El libro de Southern no se queda en la lamentación, pues también propone recetas para la rectificación. La primera es quitarles a los progres los resortes de la cultura; hay que ganarles definitivamente la batalla intelectual (de hecho, están a la defensiva, y por eso intentan cerrar los debates mediante la censura, con la excusa del “discurso de odio”). La inmigración masiva debe ser detenida: ello no implica necesariamente la inmigración cero, pero sí la afirmación del derecho de cada nación a seleccionar cuantitativa y cualitativamente (es decir, procedencia geográfico-cultural y grado de formación) la inmigración deseada: “Tenemos que empezar por construir muros… aunque sea para añadirles puertas después”. Los jóvenes deben desechar la ética sexual permisiva y volver a las relaciones sólidas, la estabilidad familiar, la procreación generosa. Los servicios estatales tendrán que ser muy recortados, y la responsabilidad individual reaprendida.

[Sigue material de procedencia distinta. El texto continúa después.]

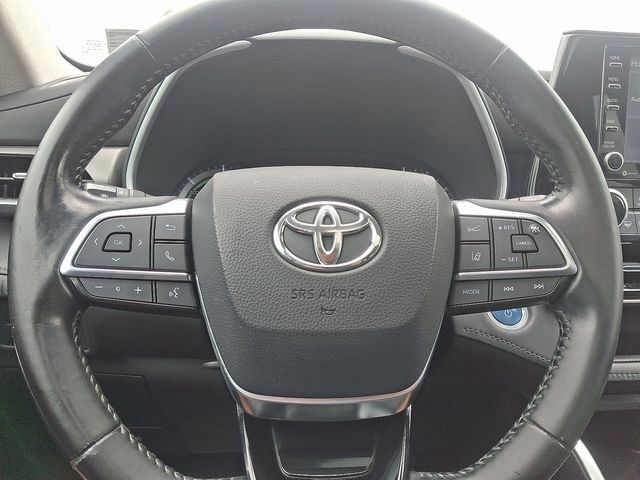 Thumbnail: 2021 Toyota Highlander - 19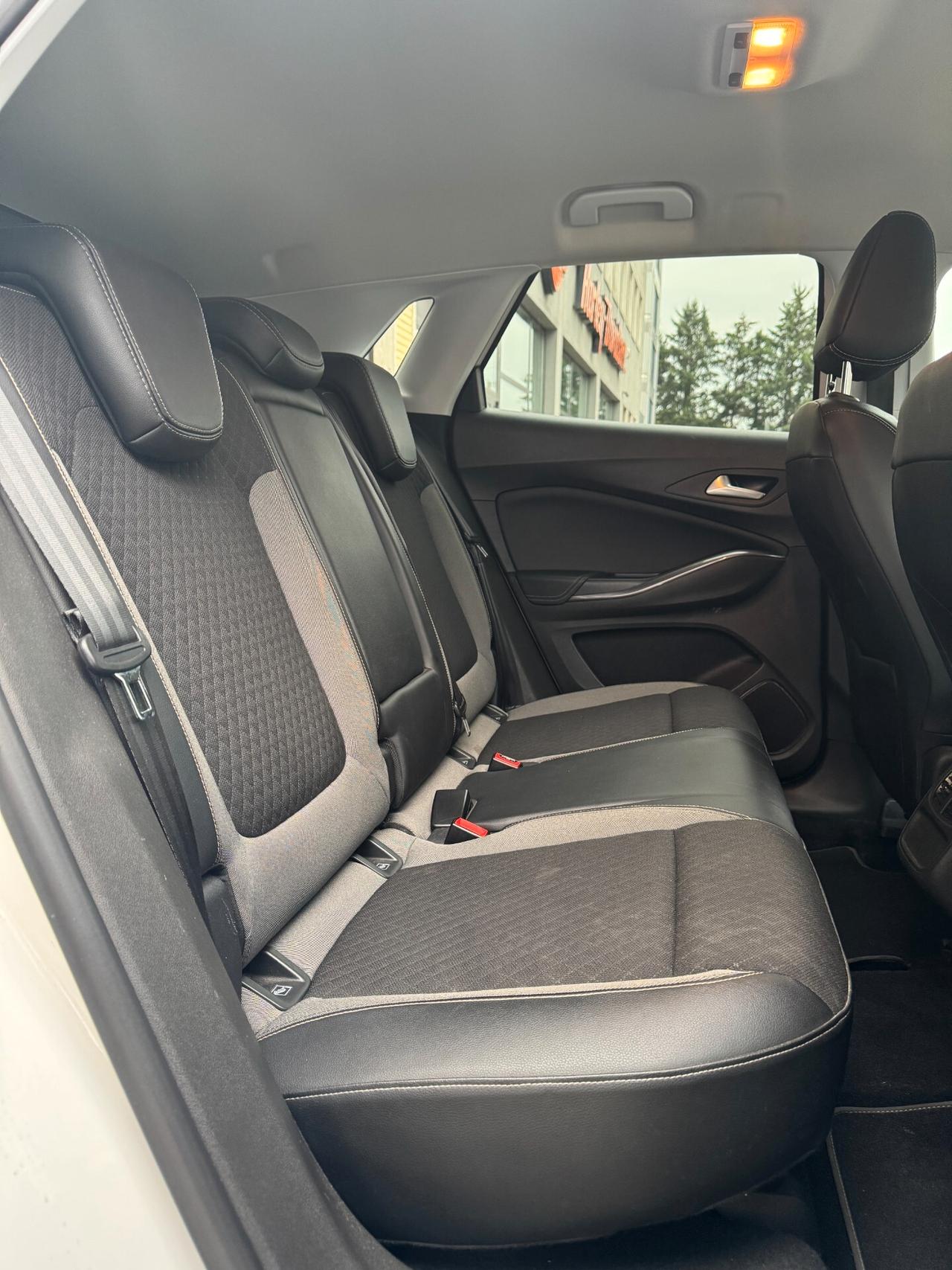 Opel Grandland X 1.2 Turbo 130 CV NEOPATENTATO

Southern cree que todo eso sólo puede resultar factible a escala nacional: rechaza, pues, la consabida demonización del nacionalismo como sinónimo de odio y guerras. Sí, el nacionalismo exacerbado llevó a las dos guerras mundiales… pero en los dos siglos anteriores había impulsado la cristalización de los Estados-nación que protagonizaron el periodo más brillante de la historia occidental. Por lo demás, no queda claro que se refiera sólo a las naciones clásicas: en algún momento, Southern se refiere al conjunto de Occidente como una (meta)nación y habla de un “pannacionalismo occidental”.
Todo un horizonte de esperanza liberal-conservadora para jóvenes. A mí me coge ya un poco mayor.